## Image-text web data
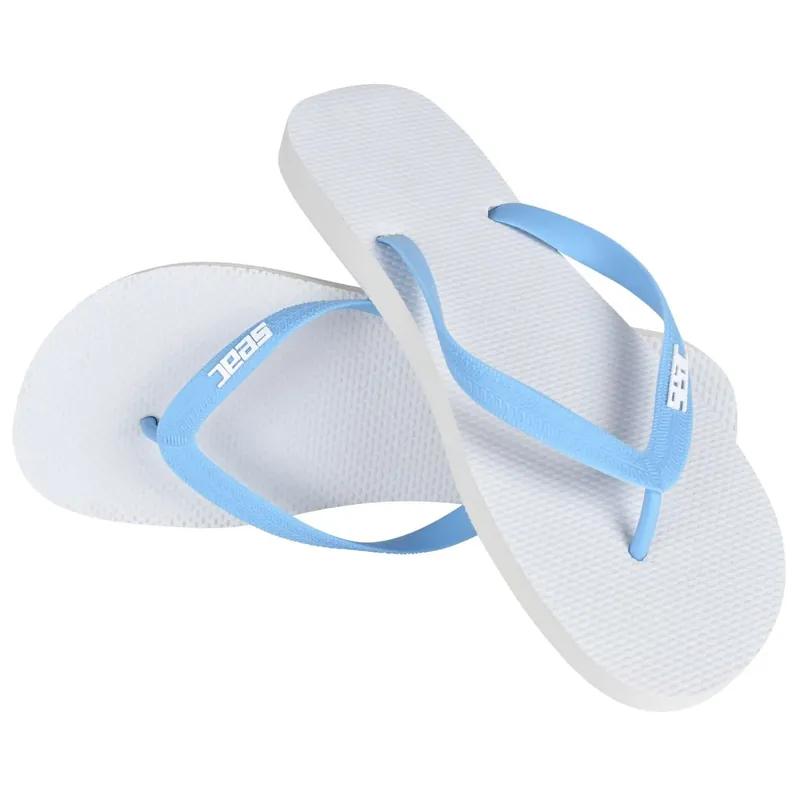 Jetzt Kaufen Flip Flops Ohau White-Blue Size 37-38 Seac 150-14WB-37-38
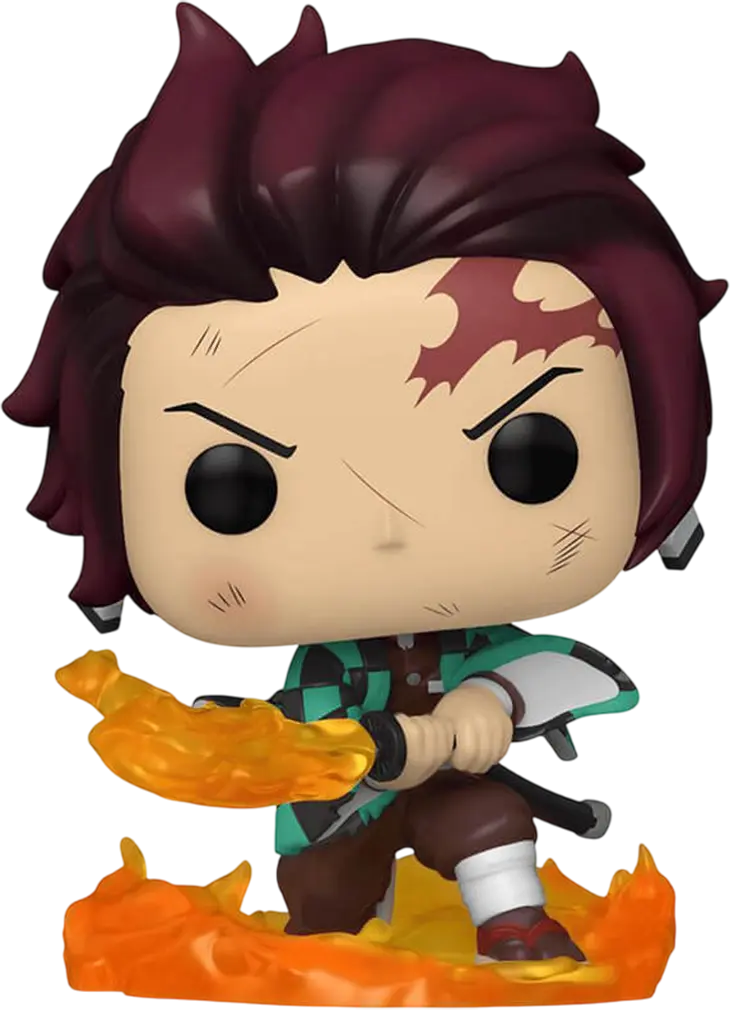 Funko Pop! Demon Slayer - Tanjiro Kamado   for sale in Emirates from Games2all
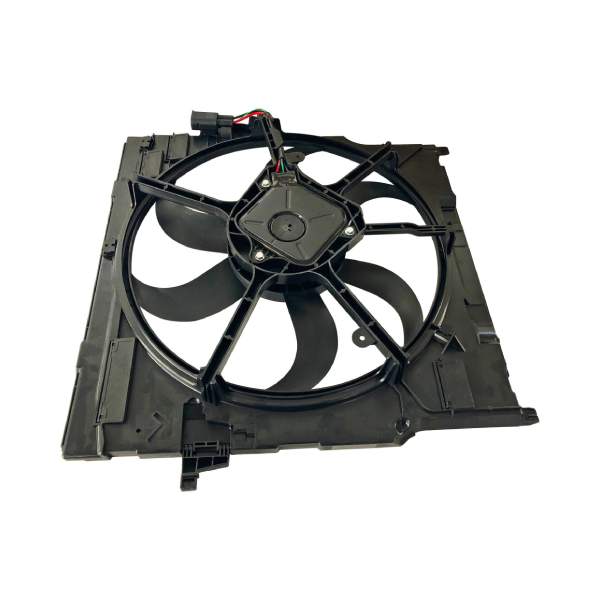 تصویر محصول فن کامل رادیاتور بی ام و X6 50 سال 2012
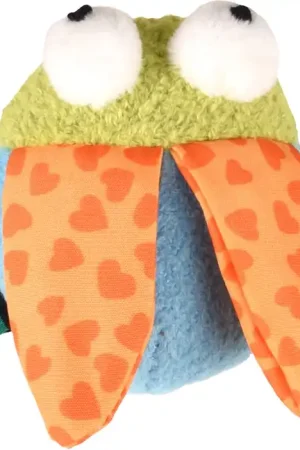 Voordeelprijs Flamingo kattenspeelgoed Yowly Kever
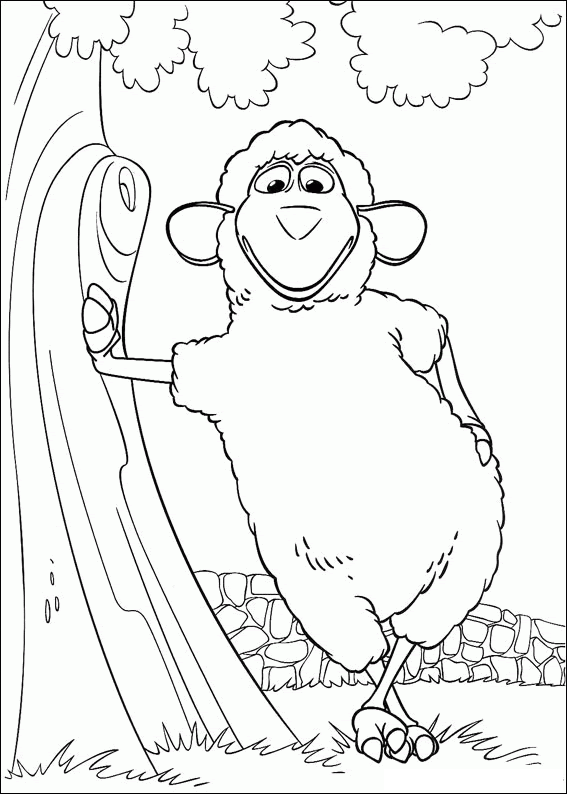 jakers piggley winks coloring pages - photo #30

## TASK BRIEF
Your task is to restate word for word the lines from the one containing "تصویر محصول فن" through the last line of the data, both ends included, with no pictures.

## RESPONSE TO THIS TASK
 تصویر محصول فن کامل رادیاتور بی ام و X6 50 سال 2012
 Voordeelprijs Flamingo kattenspeelgoed Yowly Kever
 jakers piggley winks coloring pages - photo #30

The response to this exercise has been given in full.